2) Schema changes may be complex in agile environments.
3) Fixed schema might slow performance if data structures evolve frequently.
MySQL, PostgreSQL, Microsoft SQL Server, Oracle Database.
NoSQL (“Not Only SQL”) is an umbrella term for databases that diverge from the relational model. They often support flexible schemas, scale horizontally on clusters of commodity hardware, and handle large, rapidly changing datasets.
They store data in a simple key-value format, much like a dictionary or hash map. Each record is identified by a key, and its associated value can be any blob of data.
Key: session12345
Value: {"cartItems": 3, "lastLogin": "2025-01-05", ...}
They store data as structured documents (often JSON). Each document can have a unique schema, facilitating rapid schema evolution.
{
"_id": "user123",
"name": "Alice Johnson",
"email": "alice@example.com",
"orders": [
{ "orderId": 101, "total": 50.0 },
{ "orderId": 102, "total": 75.0 }
]
}
They group data by column families instead of rows. This approach helps optimize queries that only access subsets of columns, commonly used for analytical workloads.

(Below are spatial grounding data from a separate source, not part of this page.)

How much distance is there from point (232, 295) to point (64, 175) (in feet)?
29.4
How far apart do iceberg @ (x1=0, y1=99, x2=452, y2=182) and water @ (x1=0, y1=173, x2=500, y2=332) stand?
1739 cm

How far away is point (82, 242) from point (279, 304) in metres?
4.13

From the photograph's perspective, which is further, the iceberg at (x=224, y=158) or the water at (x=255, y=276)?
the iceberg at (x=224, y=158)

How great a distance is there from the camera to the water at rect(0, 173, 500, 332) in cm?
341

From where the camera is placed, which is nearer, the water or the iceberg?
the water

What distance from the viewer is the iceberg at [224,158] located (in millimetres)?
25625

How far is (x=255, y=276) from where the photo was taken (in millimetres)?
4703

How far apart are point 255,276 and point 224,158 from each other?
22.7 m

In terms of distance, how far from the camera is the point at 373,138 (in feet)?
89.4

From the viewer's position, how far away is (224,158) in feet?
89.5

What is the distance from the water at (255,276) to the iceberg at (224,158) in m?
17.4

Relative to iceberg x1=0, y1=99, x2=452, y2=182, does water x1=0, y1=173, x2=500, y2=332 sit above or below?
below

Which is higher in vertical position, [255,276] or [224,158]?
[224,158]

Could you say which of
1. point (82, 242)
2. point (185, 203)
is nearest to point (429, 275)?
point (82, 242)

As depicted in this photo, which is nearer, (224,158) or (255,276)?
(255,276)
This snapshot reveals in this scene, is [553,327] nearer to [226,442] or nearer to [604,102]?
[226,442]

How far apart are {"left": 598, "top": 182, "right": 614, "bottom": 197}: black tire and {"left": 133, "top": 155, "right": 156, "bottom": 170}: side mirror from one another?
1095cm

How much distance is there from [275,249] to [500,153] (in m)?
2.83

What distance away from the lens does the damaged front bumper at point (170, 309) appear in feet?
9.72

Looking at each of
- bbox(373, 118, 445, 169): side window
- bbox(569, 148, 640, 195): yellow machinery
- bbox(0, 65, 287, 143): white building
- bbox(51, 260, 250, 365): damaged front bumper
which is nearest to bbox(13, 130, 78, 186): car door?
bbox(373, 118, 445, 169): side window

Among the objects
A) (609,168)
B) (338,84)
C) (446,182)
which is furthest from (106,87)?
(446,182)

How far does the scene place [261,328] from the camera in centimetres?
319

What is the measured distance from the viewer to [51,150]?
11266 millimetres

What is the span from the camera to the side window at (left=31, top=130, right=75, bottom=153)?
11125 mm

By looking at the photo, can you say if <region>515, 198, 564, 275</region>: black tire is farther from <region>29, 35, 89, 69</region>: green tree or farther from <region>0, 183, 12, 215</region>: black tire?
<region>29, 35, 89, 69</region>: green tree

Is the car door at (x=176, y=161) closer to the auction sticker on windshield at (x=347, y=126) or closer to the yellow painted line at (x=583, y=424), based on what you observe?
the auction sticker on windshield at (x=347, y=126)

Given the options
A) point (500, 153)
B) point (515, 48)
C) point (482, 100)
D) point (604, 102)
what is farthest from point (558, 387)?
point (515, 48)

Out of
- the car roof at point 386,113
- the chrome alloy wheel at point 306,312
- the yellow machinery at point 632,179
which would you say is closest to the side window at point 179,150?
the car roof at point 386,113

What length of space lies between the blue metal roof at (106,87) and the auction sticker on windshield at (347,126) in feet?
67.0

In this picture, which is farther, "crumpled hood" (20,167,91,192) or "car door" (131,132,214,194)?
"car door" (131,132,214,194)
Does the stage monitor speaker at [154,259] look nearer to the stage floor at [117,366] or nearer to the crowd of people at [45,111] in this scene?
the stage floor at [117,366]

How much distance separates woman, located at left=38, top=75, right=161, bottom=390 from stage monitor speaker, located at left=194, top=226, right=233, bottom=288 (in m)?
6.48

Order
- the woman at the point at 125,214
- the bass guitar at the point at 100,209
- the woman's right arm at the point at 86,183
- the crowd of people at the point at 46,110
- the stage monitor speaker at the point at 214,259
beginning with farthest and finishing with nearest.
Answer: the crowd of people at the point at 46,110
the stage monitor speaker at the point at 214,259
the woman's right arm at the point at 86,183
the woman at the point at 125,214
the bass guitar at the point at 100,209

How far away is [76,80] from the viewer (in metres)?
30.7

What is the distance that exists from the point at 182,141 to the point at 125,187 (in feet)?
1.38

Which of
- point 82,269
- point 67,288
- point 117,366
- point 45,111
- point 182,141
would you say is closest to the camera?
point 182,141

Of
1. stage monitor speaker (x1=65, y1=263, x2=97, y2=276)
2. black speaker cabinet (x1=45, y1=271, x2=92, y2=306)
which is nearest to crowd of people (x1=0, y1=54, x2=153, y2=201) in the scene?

Row Key | CF: Personal | CF: Address
---------------------------------------------------------
"user123" | name = "Alice Johnson" | city = "New York"
| email = "alice@x.com" | zip = "10001"
---------------------------------------------------------
They store data as nodes and edges, where edges represent relationships between nodes. This model fits well for social networks, recommendation engines, and knowledge graphs.
(Alice) -- friends_with --> (Bob)
| |
works_at likes
v v
(Company X) (Music Genre)
Time series databases efficiently store and query data points indexed by timestamps, often used for monitoring, IoT sensor data, or financial market feeds.
1) Data is typically written in an append-only fashion with timestamps.
2) Specialized query optimizations (window functions, downsampling).
3) Retention policies automatically expire old data.
1) Optimized for high-ingest rates and fast queries on ranges of time.
2) Built-in functions for aggregates over time windows.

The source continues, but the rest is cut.